Give the lines below again, exactly as they stand, and leave out the images.

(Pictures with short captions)

-----

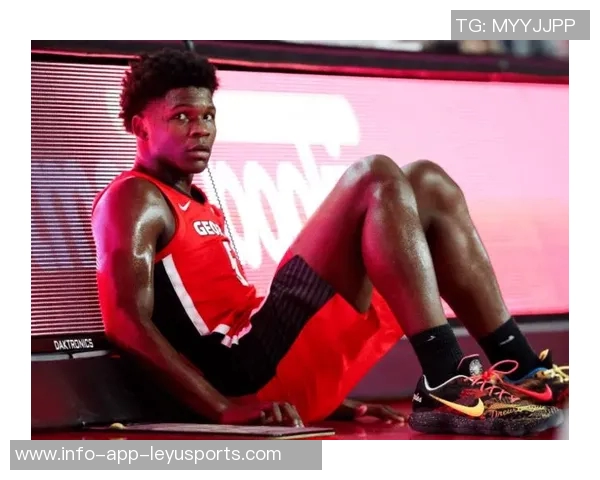 华子全场狂砍41分7三分5断助力逆转展现超巨攻防实力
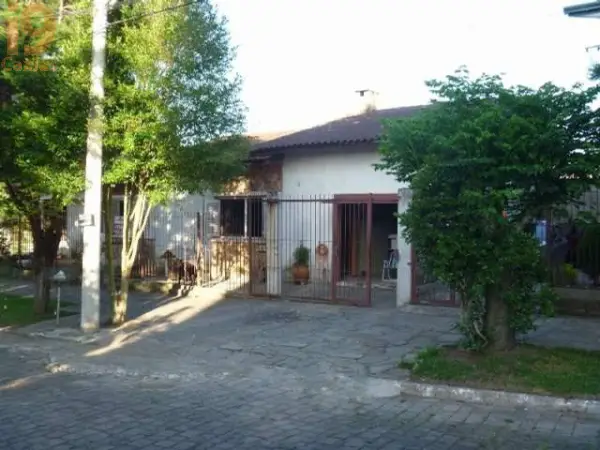 Casa com 3 Quartos à Venda, 180 m² por R$ 795.000 Rua Vereador Otto Scheifler, 314 - Desvio Rizzo, Caxias do Sul - RS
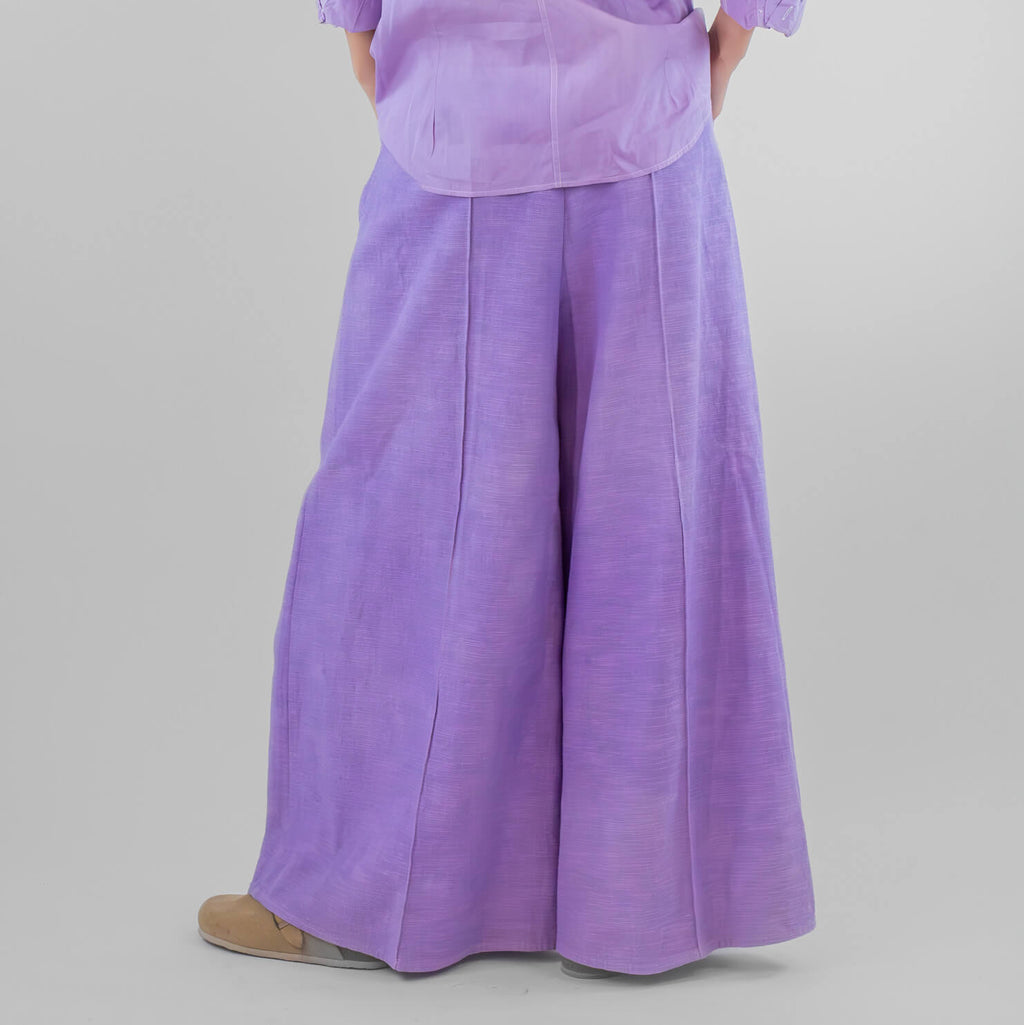 Wide Leg Pleated Trousers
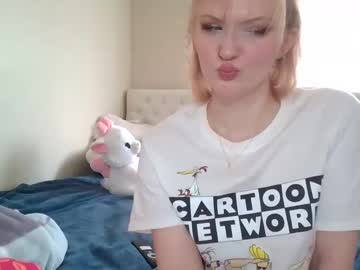 Petite_Cupcake Chaturbate stream image from February 20, 2025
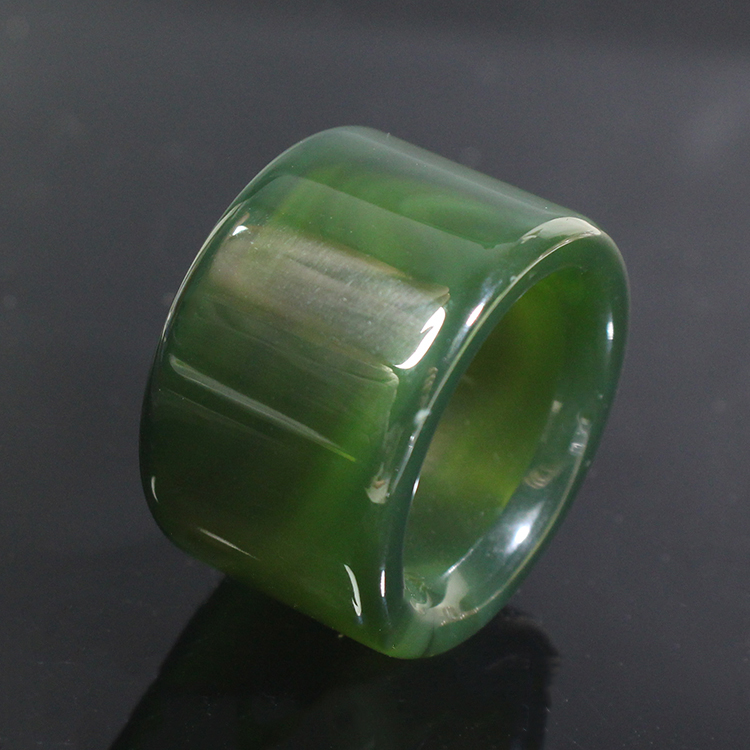 天然深水草绿玛瑙扳指大号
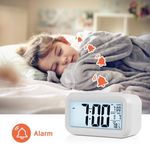Casa si Gradina - Decoratiuni - Ceasuri - Ceas Digital cu Afisaj LED Data/Ora/Temperatura, Alarma, Alb - 75 x 130 x 45 mm - Infinity.ro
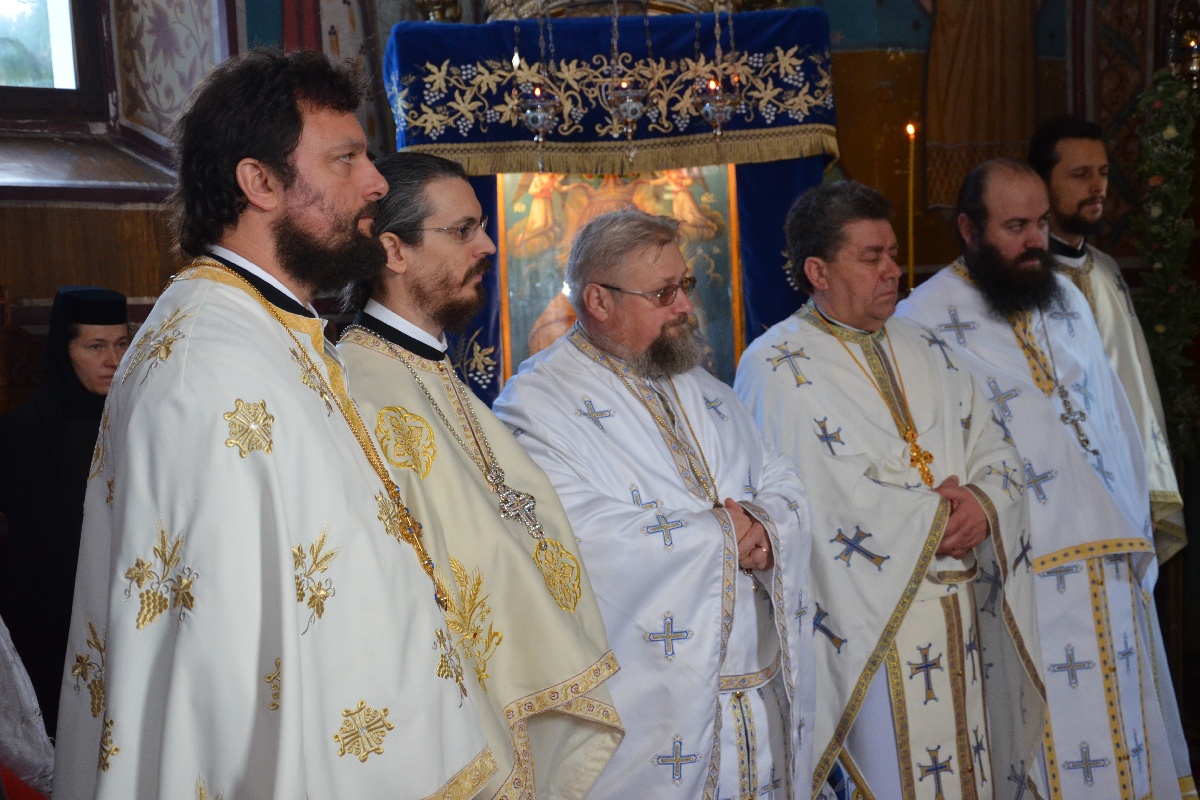 IPS Mitropolit Teofan, prezent la hramul Mănăstirii Copou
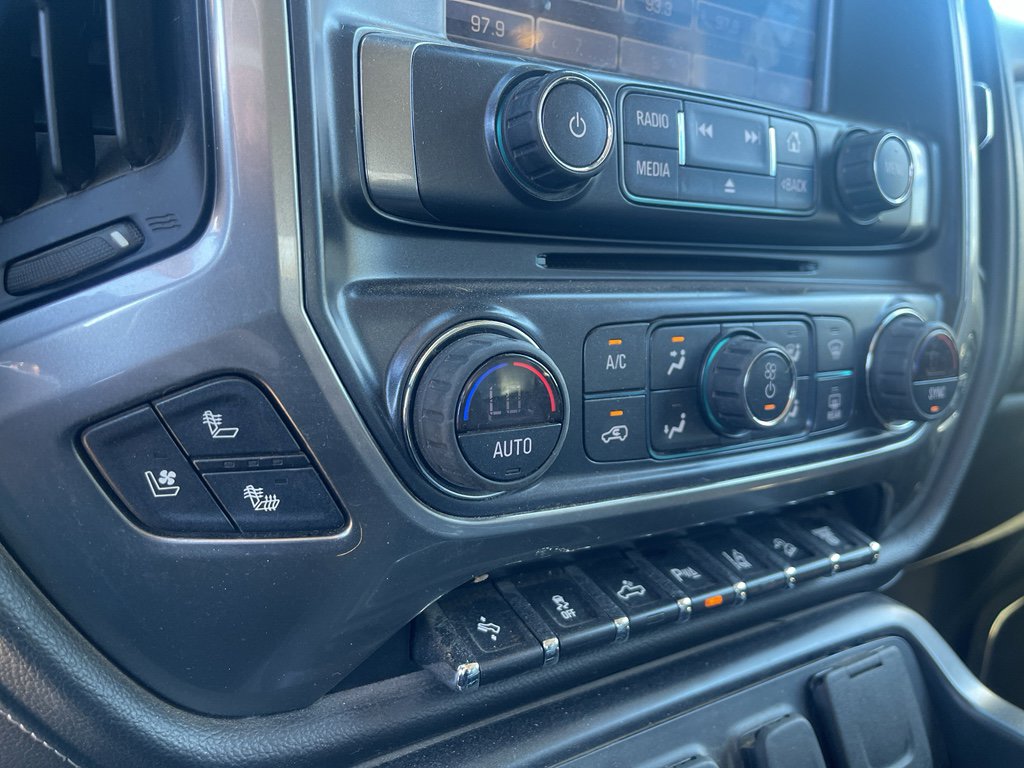 Used 2018 Chevrolet Silverado 2500 LTZ w/ Duramax Plus Package image 19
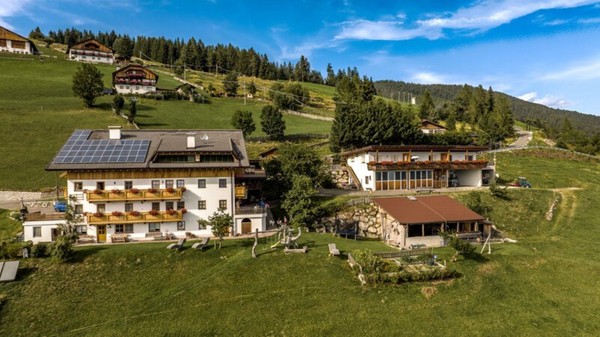 Photo exteriors Farmhouse apartments Pitznerhof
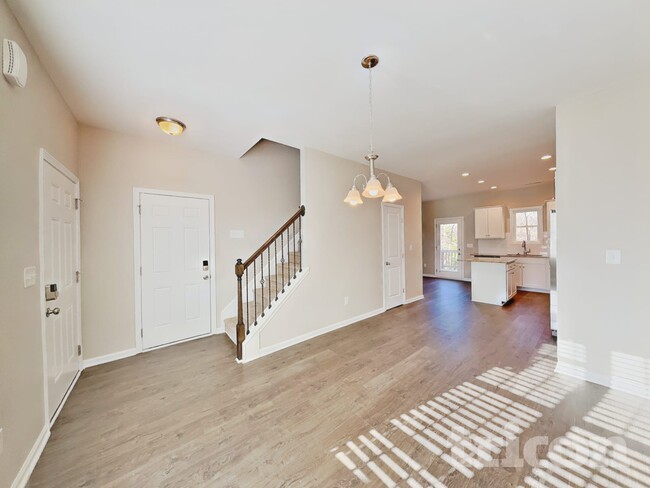 Photo - 123 Diploma Dr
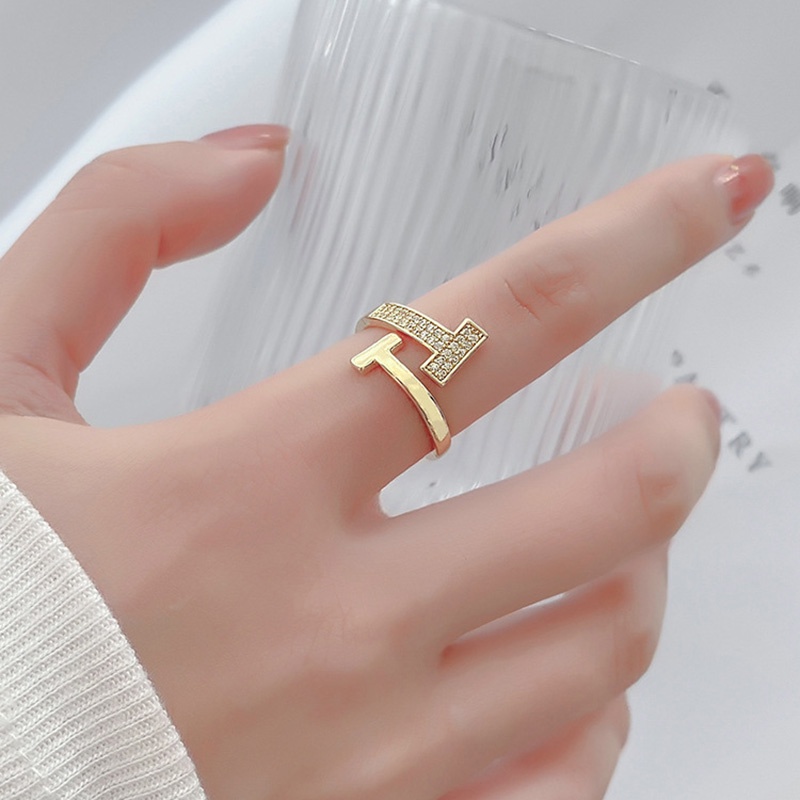 Cincin Kristal Berlian Huruf T Emas Baja Titanium Kreatif Perhiasan Fashion Wanita Rings Ukuran Teleskopik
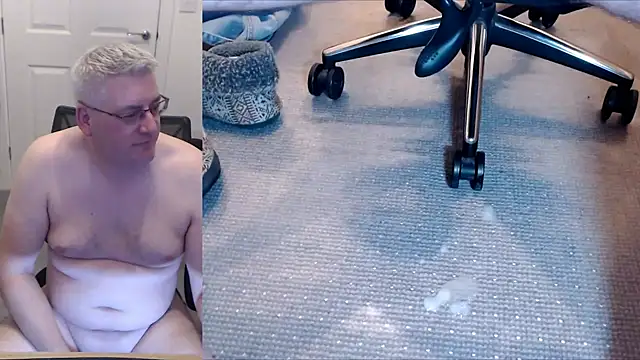 ricrockhard (Ask my age) - Naked 5 mins & jeans off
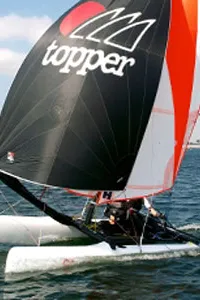Topper Cat12 2024 – Lichte catamaran voor jonge zeilers - Foto 4
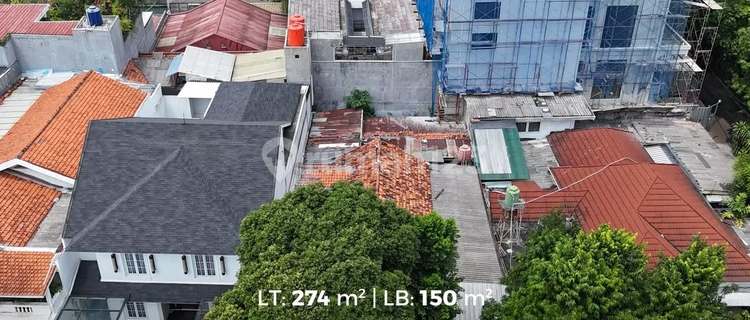 Old House Strategic Location Near Sudirman Kebayoran Baru South Jakarta SHM 1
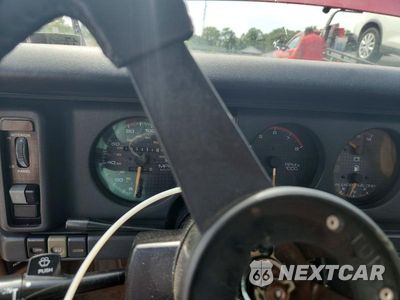 Zdjęcie 9 z 12 samochodu: 1988 PONTIAC FIREBIRD TRANS AM VIN:1G2FW2183JL220584 - miniatura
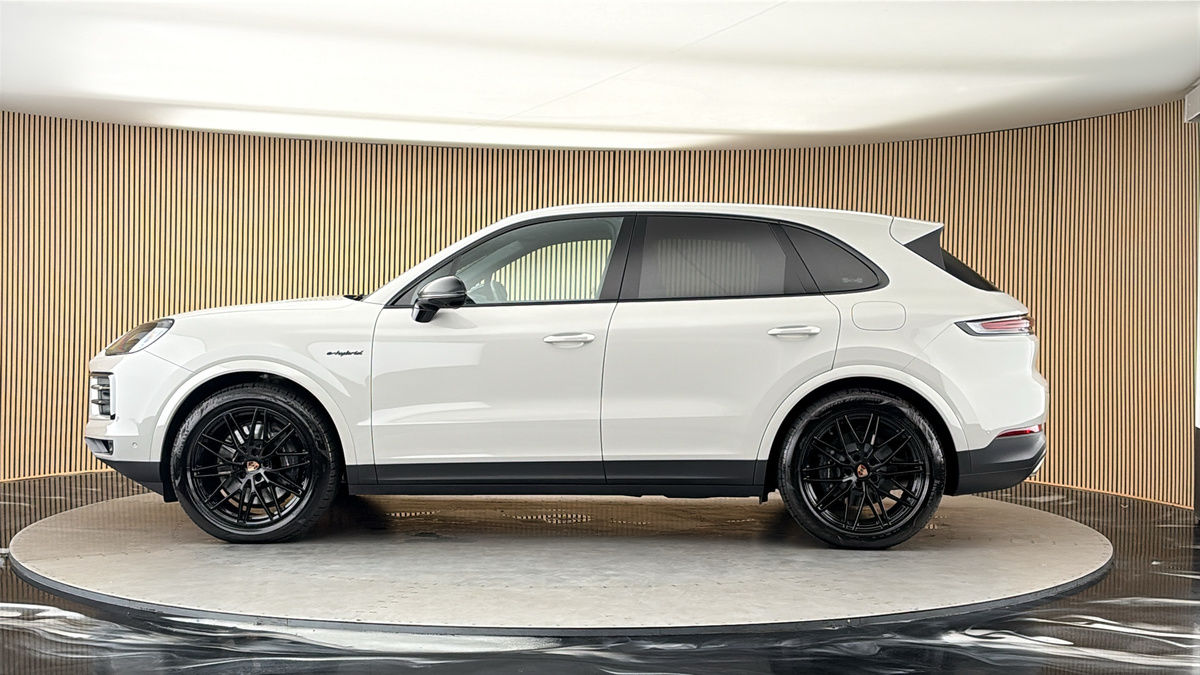 Porsche Cayenne Image 15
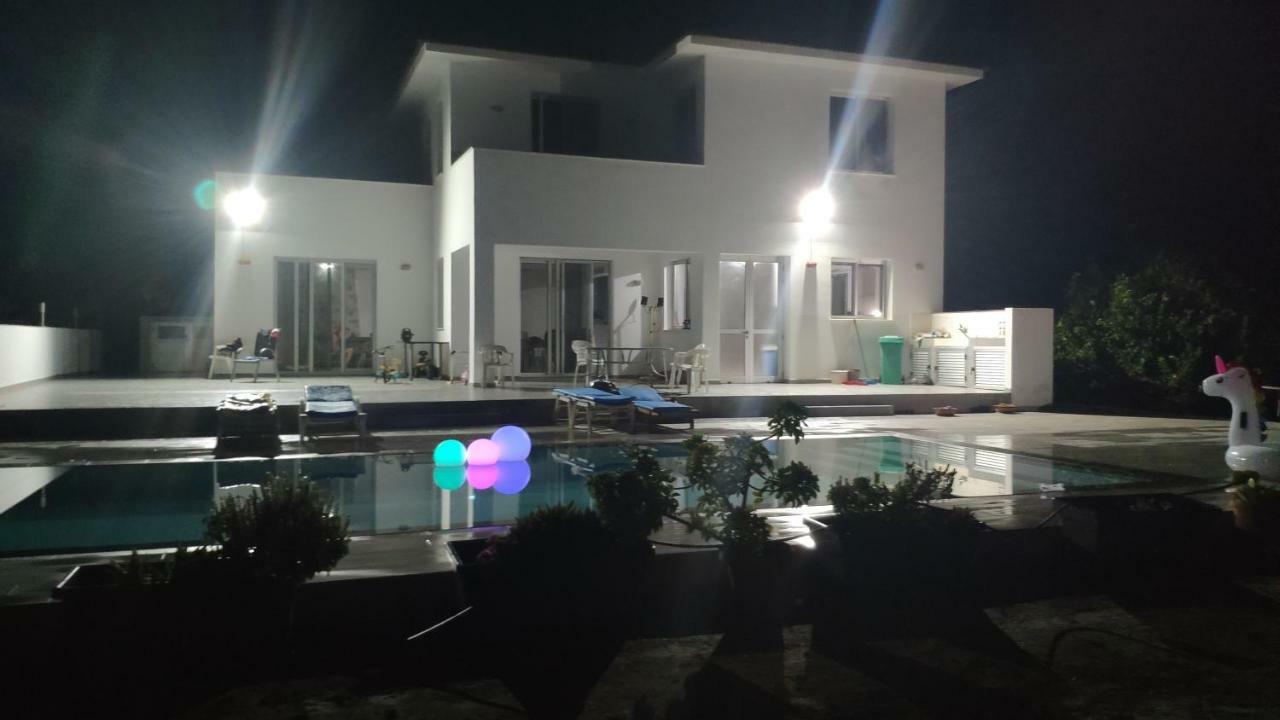 Kiti Village Villa, Cyprus, Salt-Water Pool, 6 Bedrooms, Larnaca Exterior foto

-----

Solved problem
 华子全场狂砍41分7三分5断助力逆转展现超巨攻防实力
 Casa com 3 Quartos à Venda, 180 m² por R$ 795.000 Rua Vereador Otto Scheifler, 314 - Desvio Rizzo, Caxias do Sul - RS
 Wide Leg Pleated Trousers
 Petite_Cupcake Chaturbate stream image from February 20, 2025
 天然深水草绿玛瑙扳指大号
Casa si Gradina - Decoratiuni - Ceasuri - Ceas Digital cu Afisaj LED Data/Ora/Temperatura, Alarma, Alb - 75 x 130 x 45 mm - Infinity.ro
 IPS Mitropolit Teofan, prezent la hramul Mănăstirii Copou
 Used 2018 Chevrolet Silverado 2500 LTZ w/ Duramax Plus Package image 19
 Photo exteriors Farmhouse apartments Pitznerhof
 Photo - 123 Diploma Dr
 Cincin Kristal Berlian Huruf T Emas Baja Titanium Kreatif Perhiasan Fashion Wanita Rings Ukuran Teleskopik
 ricrockhard (Ask my age) - Naked 5 mins & jeans off
Topper Cat12 2024 – Lichte catamaran voor jonge zeilers - Foto 4
 Old House Strategic Location Near Sudirman Kebayoran Baru South Jakarta SHM 1
 Zdjęcie 9 z 12 samochodu: 1988 PONTIAC FIREBIRD TRANS AM VIN:1G2FW2183JL220584 - miniatura
 Porsche Cayenne Image 15
 Kiti Village Villa, Cyprus, Salt-Water Pool, 6 Bedrooms, Larnaca Exterior foto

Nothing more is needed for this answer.